_PROVIDED DATA_
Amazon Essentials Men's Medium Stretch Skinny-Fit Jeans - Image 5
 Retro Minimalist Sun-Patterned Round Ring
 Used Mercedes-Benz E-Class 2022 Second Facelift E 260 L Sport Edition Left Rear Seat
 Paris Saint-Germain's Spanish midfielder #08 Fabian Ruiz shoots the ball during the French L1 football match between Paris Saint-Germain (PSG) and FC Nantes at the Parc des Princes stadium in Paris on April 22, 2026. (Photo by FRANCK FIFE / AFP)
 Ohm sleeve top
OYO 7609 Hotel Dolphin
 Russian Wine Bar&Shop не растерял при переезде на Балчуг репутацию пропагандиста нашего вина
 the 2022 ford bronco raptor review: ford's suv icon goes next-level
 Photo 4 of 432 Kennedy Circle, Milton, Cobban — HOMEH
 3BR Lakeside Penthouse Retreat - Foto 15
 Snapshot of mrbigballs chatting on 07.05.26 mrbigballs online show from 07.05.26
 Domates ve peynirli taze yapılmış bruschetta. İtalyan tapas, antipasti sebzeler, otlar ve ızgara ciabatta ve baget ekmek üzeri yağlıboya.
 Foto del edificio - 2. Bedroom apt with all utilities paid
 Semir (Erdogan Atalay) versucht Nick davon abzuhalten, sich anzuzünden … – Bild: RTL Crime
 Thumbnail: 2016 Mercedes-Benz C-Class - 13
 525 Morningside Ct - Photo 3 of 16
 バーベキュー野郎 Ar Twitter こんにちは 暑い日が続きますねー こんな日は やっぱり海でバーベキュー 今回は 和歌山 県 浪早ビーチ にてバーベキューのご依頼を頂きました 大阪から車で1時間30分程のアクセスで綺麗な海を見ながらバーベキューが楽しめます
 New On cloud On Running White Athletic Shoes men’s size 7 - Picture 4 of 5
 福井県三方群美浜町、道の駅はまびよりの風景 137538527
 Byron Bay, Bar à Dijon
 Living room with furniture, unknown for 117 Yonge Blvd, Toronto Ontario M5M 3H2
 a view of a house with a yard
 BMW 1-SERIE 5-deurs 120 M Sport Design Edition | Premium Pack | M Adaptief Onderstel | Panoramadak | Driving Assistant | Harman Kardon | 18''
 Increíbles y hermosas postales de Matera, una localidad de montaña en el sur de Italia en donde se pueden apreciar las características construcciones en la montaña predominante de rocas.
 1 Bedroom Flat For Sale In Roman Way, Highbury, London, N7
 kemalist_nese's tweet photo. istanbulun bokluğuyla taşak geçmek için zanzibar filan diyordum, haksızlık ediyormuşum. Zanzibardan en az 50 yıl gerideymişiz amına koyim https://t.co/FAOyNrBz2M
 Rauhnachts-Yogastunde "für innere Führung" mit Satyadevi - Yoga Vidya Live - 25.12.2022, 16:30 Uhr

_TASK_
Using the records above, restate word for word the lines from the one with "Snapshot of mrbigballs" through the one with "BMW 1-SERIE 5-deurs", both included.

_EXERCISE ANSWER_
 Snapshot of mrbigballs chatting on 07.05.26 mrbigballs online show from 07.05.26
 Domates ve peynirli taze yapılmış bruschetta. İtalyan tapas, antipasti sebzeler, otlar ve ızgara ciabatta ve baget ekmek üzeri yağlıboya.
 Foto del edificio - 2. Bedroom apt with all utilities paid
 Semir (Erdogan Atalay) versucht Nick davon abzuhalten, sich anzuzünden … – Bild: RTL Crime
 Thumbnail: 2016 Mercedes-Benz C-Class - 13
 525 Morningside Ct - Photo 3 of 16
 バーベキュー野郎 Ar Twitter こんにちは 暑い日が続きますねー こんな日は やっぱり海でバーベキュー 今回は 和歌山 県 浪早ビーチ にてバーベキューのご依頼を頂きました 大阪から車で1時間30分程のアクセスで綺麗な海を見ながらバーベキューが楽しめます
 New On cloud On Running White Athletic Shoes men’s size 7 - Picture 4 of 5
 福井県三方群美浜町、道の駅はまびよりの風景 137538527
 Byron Bay, Bar à Dijon
 Living room with furniture, unknown for 117 Yonge Blvd, Toronto Ontario M5M 3H2
 a view of a house with a yard
 BMW 1-SERIE 5-deurs 120 M Sport Design Edition | Premium Pack | M Adaptief Onderstel | Panoramadak | Driving Assistant | Harman Kardon | 18''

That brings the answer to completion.